Именно в этом свете нужно понимать размышления, некогда возникшие у меня по поводу надежды, вокруг которых в действительности и сосредотачивается все мое творчество. И, конечно, вовсе не случайно, что во время войны, в лекции, прочитанной в начале 1942 г. в Фурвьере, в одном из районов Лиона, я развил эту феноменологию надежды[118]. Отец Анри де Любак[119], которого я посетил несколькими месяцами раньше, попросил меня прочитать лекцию перед учащимися семинарии этого района. Я согласился безо всяких колебаний. Хорошо, сказал я ему, я буду говорить о Надежде. Конечно, это слово означало, прежде всего, надежду на освобождение, и моя мысль сразу же повернулась к судьбам бесчисленных узников немецких лагерей. Но, разумеется, я ни на секунду не мог отвлечься от метафизических обертонов этой темы, памятуя о том, что нужно найти связь между надеждой на освобождение (l’espoir de la libération) и надеждой-верой в бессмертие (l’espérance en l’immortalité). И все это исследование смогло сложиться лишь благодаря тому, что мне предстало как открытие, а именно открытие часто игнорируемого различия, игнорируемого даже самыми великими мыслителями, между желанием (le désir) и надеждой (l’espérance).

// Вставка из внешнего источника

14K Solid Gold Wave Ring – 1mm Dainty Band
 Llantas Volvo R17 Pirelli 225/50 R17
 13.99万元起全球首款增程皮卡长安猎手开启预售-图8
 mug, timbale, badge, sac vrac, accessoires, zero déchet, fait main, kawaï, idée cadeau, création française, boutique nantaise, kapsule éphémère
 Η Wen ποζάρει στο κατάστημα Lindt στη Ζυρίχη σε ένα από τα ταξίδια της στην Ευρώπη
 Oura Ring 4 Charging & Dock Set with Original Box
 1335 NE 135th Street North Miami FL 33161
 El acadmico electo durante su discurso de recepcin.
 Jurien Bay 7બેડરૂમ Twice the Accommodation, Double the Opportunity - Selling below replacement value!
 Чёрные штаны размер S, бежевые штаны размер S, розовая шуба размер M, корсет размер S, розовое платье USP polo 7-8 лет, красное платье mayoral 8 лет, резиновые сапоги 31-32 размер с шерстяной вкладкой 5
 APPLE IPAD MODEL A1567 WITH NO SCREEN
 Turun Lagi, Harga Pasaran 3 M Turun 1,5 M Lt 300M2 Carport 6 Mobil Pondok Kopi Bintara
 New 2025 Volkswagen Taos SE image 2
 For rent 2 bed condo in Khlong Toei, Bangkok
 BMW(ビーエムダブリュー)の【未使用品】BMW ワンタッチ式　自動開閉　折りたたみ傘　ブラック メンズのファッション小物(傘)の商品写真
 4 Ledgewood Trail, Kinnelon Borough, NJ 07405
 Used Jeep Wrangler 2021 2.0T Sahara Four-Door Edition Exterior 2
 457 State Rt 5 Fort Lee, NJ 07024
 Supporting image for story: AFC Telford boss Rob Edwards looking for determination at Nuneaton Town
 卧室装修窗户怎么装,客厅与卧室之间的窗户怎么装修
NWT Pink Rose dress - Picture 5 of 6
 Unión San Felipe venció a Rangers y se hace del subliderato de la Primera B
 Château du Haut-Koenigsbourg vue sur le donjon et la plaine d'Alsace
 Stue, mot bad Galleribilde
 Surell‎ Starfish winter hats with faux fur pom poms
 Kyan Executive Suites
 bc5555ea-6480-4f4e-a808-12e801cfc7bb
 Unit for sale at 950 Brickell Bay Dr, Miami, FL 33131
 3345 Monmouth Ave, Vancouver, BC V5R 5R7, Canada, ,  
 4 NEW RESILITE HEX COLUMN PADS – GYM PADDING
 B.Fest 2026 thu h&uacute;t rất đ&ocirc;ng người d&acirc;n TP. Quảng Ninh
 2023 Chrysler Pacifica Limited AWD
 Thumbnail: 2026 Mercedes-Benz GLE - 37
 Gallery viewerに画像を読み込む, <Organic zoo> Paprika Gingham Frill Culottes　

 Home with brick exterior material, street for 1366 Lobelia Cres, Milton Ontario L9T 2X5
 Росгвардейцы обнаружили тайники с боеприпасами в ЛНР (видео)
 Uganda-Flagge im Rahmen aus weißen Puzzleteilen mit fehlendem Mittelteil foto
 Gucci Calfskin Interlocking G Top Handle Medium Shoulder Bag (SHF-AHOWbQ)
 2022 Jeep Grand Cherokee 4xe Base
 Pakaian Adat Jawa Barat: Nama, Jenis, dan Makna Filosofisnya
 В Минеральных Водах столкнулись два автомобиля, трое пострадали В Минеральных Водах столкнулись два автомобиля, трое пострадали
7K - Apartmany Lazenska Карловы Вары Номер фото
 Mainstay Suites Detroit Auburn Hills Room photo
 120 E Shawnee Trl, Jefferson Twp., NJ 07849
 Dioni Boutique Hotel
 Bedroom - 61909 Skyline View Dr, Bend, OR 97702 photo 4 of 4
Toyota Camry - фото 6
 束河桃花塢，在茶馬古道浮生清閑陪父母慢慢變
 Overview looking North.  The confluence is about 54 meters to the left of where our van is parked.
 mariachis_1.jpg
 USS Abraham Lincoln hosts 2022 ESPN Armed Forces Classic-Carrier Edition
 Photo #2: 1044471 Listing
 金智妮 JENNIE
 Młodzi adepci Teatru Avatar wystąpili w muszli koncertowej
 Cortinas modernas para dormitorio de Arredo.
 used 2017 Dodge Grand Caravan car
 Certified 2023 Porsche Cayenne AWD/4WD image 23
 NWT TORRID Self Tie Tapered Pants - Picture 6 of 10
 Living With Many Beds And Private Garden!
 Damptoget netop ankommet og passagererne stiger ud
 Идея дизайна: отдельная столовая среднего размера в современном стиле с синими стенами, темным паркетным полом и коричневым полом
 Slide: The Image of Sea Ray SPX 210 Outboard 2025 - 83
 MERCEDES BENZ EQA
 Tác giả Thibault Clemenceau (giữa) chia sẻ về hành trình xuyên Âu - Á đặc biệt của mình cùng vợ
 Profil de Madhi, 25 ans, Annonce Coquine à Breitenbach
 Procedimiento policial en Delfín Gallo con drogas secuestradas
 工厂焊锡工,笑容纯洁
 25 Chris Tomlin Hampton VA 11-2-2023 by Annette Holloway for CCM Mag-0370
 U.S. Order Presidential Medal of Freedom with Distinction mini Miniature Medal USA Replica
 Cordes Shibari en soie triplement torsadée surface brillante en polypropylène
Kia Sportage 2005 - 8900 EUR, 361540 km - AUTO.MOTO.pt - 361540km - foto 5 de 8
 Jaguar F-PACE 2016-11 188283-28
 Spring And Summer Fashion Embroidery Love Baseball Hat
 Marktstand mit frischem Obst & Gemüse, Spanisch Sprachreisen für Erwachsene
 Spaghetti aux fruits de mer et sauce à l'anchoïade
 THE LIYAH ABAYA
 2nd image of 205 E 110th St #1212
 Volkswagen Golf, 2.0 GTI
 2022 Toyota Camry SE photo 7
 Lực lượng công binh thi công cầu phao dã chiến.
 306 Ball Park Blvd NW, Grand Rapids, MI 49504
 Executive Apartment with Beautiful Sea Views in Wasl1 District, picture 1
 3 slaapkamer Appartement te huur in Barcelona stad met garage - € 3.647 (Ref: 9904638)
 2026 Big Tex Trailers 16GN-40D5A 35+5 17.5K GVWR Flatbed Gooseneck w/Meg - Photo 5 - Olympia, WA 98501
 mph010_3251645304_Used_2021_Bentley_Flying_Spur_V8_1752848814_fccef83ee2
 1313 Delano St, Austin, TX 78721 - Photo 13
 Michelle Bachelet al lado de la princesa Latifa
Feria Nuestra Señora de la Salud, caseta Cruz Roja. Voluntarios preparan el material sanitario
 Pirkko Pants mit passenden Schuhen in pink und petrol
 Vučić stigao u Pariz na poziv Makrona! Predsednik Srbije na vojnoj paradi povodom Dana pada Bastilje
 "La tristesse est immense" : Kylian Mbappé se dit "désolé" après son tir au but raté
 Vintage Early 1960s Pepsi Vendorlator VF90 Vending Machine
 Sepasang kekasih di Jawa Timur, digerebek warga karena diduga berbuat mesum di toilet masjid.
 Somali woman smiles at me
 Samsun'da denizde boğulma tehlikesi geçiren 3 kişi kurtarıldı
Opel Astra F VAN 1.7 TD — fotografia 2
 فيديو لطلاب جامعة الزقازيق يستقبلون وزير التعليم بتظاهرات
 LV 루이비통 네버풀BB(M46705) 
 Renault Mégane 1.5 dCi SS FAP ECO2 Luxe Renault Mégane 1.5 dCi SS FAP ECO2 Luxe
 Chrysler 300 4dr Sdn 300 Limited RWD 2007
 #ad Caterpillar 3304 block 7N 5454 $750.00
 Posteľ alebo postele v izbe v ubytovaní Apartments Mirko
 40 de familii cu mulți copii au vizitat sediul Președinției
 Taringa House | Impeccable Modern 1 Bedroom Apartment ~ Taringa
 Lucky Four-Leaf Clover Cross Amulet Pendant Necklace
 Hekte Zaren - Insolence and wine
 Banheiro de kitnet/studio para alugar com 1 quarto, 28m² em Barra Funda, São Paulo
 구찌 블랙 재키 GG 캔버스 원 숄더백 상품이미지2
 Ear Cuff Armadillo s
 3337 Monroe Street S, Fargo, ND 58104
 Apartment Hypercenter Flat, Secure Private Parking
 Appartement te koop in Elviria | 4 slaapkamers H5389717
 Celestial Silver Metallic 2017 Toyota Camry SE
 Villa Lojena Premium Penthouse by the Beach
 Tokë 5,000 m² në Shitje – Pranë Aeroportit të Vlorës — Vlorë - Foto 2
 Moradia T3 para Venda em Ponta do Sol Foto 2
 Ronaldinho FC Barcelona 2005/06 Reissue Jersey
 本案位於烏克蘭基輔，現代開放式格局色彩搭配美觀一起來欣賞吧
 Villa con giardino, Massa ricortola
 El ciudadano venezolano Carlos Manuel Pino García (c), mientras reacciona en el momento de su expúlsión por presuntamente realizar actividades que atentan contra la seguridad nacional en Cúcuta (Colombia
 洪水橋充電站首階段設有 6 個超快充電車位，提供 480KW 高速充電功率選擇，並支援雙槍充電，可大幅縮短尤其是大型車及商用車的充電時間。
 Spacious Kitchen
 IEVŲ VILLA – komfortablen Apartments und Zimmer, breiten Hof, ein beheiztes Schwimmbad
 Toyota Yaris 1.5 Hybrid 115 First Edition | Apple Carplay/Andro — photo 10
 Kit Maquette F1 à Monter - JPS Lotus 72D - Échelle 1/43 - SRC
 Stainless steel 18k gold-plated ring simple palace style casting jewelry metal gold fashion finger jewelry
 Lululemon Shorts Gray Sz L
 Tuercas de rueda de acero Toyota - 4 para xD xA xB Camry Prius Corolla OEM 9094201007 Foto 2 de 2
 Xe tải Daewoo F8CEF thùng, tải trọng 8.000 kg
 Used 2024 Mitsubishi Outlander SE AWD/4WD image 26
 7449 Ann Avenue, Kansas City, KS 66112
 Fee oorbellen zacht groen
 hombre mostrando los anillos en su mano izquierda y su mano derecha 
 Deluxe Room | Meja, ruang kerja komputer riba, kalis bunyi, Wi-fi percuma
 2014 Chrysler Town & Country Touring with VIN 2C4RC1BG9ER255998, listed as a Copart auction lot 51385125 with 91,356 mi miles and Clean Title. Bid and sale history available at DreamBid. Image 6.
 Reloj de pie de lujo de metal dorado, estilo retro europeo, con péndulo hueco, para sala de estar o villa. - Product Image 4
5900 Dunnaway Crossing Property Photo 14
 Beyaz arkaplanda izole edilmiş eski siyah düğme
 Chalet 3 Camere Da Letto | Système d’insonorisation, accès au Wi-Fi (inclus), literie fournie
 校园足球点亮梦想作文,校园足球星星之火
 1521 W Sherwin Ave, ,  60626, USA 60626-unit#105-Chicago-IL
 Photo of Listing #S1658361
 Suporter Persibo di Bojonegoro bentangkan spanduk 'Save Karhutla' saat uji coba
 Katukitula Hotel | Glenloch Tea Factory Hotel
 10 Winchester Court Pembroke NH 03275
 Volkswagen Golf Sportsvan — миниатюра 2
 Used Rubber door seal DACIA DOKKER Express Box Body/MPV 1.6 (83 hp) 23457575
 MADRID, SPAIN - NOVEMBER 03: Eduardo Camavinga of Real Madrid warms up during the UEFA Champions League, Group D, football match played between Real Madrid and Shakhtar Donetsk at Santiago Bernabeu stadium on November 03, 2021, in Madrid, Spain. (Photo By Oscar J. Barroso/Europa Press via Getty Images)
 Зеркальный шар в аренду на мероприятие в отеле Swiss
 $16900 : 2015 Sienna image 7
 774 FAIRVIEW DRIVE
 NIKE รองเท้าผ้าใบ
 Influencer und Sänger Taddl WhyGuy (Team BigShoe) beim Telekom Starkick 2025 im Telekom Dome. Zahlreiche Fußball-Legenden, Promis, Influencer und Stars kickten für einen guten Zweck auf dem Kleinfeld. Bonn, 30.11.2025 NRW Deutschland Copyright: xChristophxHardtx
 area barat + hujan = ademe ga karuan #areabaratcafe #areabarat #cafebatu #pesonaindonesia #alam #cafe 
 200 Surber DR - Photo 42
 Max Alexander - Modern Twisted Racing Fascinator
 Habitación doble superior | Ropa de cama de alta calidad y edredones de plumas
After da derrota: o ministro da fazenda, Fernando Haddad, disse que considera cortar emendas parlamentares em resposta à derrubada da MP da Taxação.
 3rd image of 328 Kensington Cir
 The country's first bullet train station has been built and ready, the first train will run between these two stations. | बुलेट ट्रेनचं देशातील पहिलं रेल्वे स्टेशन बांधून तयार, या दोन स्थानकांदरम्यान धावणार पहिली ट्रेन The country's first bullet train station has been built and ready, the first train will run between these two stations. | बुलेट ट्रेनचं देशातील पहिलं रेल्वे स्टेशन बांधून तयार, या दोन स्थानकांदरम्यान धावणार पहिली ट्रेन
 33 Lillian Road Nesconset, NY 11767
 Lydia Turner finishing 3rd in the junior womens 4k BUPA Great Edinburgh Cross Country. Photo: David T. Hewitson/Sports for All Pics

Желание по определению является эгоцентрическим началом, стремлением к обладанию. В поле желания другой рассматривается лишь по отношению ко мне или в связи с теми наслаждениями, которые он может мне дать, если я охвачен вожделением, или в связи с теми услугами, которые он может мне оказать. Напротив, надежда не есть нечто эгоцентрическое: надеяться означает всегда надеяться для нас, как я об этом писал в своей книге «Homo viator». Надежда никогда не выступает как состояние слабосильного поползновения к чему-то, выражаемое словами «мне бы хотелось, чтобы». Надежда означает пророческую уверенность, являющуюся ее основой и препятствующую какому-то существу сломаться (se défaire), прежде всего сломаться внутренне, но также и формально-юридически, то есть отречься от своих прав или унизить себя. И как тут не вспомнить замечательные слова, найденные Пеги[120] для прославления надежды в его поэме «Введение во вторую добродетель»! Но задача философа в том, чтобы перевести в плоскость развитой мысли то, что здесь выступает лишь как предчувствие и дифирамб.